Anyway, I've already done the first stage which is taking the SAT - Got 2140, which I guess isn't bad at all, but it's not really THAT important in film school as far as I know - and I will of course also have to take the TOEFL at some point, but there's no rush as you don't have to study for it. In any case, I would rather shift my focus to the more difficult aspects of the applications, about which I have a few questions and hope that I can get advice from fellow applicants/current film school students/film school alumni. If there are any foreigners around here who went to a US film school who could help me out and give me specific advice about their own applications, I'd really appreciate it!

So each school has some variants in their application requirements, but most of them have a few common themes about which I was hoping to get some advice/information. So let's just go through all of them:

- Letters of recommendation. Is there anybody in particular I should ask for letters from? What are the admissions offices looking for in the letters? I can get letters from my two former film teachers from high school, but that only covers that aspect. What else would they like to see in the letters?

- Personal essay. A lot of emphasis is placed on this on the film school web sites, and the build-up makes me pretty nervous about it. So what are they looking for in these letters? Just an autobiography, or something more specific alluring to aspirations in filmmaking? How can I express ambition without being arrogant? How can I be humble without coming across as self-loathing?

- Portfolio. Most of the schools ask for original creative writing examples tailored to their specific requests, but others (Tisch for example) also ask for prior creative work in any artistic field, including but not limited to filmmaking. Thing is, they have some pretty strict limitations on these portfolios, for example, no more than 10 minutes of filmed material, no more than 6 pages of creative writing, and no more than 10 photographs or drawings. Since I haven't painted/drawn anything substantial since I finished art school in the 9th grade, since my photography is at an amateur/hobby level and nothing more, and since my writing is... underdeveloped to say the least, I think that my best chance would be to go with something I filmed during my film studies in high school (as I already mentioned; being in the army, I don't really have much time to film anything). Thing is, the only thing I made that I feel is REALLY worth showing is my "final" film, and the problem is that it's 25 minutes long. So what do I do? I want to show them that I not only know how to point a camera or light a scene but also that I can tell a story. So, do I cut it into a 10-minute version that touches upon all the major plot points but will still be somewhat incoherent? Or do I make a sort of "director's reel", taking the most impressive shots/sequences of all my previous movies and edit them all together? Or wound that be too pretentious?

- Creative writing. Some of the schools request to send an example of original creative writing, which is usually some variation of dramatizing an emotional event from your life. I was just wondering if there are any specific recommended ways of writing this piece: First person? Third person? As an essay? Screenplay? Does anything go, or are there limitations? Most places aren't very specific about it.

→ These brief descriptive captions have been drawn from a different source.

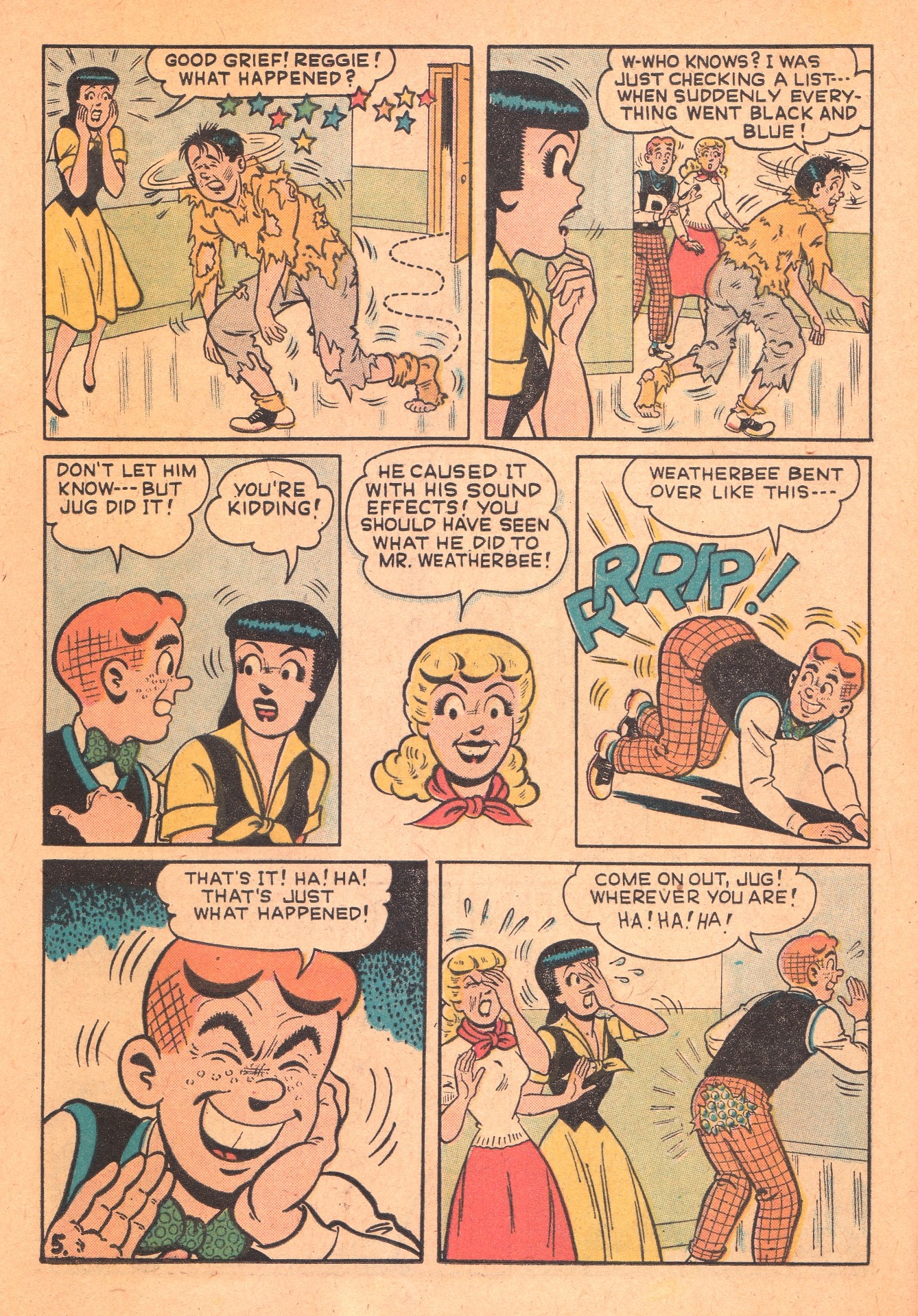Read online Archie's Pal Jughead comic -  Issue #50 - 17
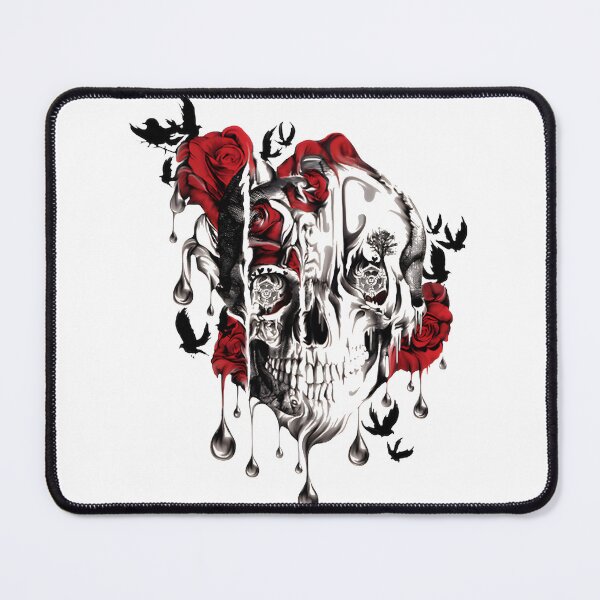 Item preview, Melt Down Grunge Rose Skull – Dark Floral Skull Art For Apparel & Prints | ⭐⭐⭐⭐⭐ designed and sold by Smart-designer.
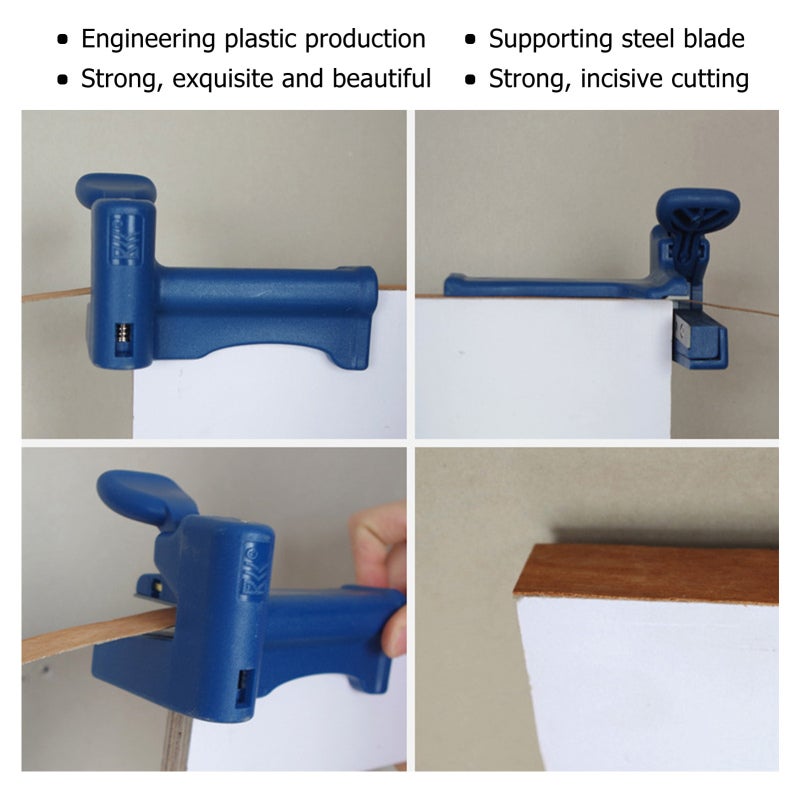 Edge Banding Trimmer Handle Edge Trimmer Set Professional Steel Blades Woodworking Trimming Knives Set - Image 2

I know there are plenty of contributors to these forums who are either in their applications procedure, enrolled in film school or have graduated from film school, so any and all advice you guys have to offer would be humbly appreciated and obliged. Thanks in advance!


----------



## Jayimess (Mar 21, 2009)

All the answers you seek are in the archives of this site.  I suggest you do some digging...hear from many voices and find some consistencies, some patterns, etc...better than relying on the few people who will take the time to thoughtfully answer all of these questions right here in your own thread.  I personally am not one of those few.

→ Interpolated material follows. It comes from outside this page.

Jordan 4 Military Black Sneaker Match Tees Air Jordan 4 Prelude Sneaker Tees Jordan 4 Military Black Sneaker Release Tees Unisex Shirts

I don't mean to sound like a jerk, it's just my advice.


----------



## ProfUnrath (Mar 22, 2009)

Monotreme,

I will be attending AFI as a screenwriting fellow this fall, so take my advice for whatever it's worth:

I agree with Jay; you'll find a lot of good examples from the years past on this site.  Just do a search for some of the key issues you're concerned about and see what people before you have gone through (and survived).  That said, I'll still offer some personal advice.  

Letters of Rec: I would suggest approaching the people who know your strengths the best, and that provide the most well-rounded picture of you.  Don't necessarily submit three letters that all say “awesome writer (for example).  I had one from a screenwriting mentor who used to work in Hollywood, which attested to my ability as a writer; one from a film studies professor that attested to my abilities as an academic; and one from my current boss, which vouched the business work I've been doing since leaving undergraduate study (essentially 5 years ago).

Personal Essay: In my experience, there are really two main goals: create a character sketch for yourself and explain why film is your calling (calmly, sensibly and earnestly); and show that you're a good storyteller.  You're telling your own story, more or less, and if you can't do that in a passionate and engaging way, it may cast doubt on your ability to do it with stories to which you are less attached.  (By the way, the military service definitely paint you as a more worldly, experienced person, which is to your benefit for this process.  I'm not saying it's a done-deal, but these schools want people who have lived a little, and who have thoughts/opinions/stories to tell.)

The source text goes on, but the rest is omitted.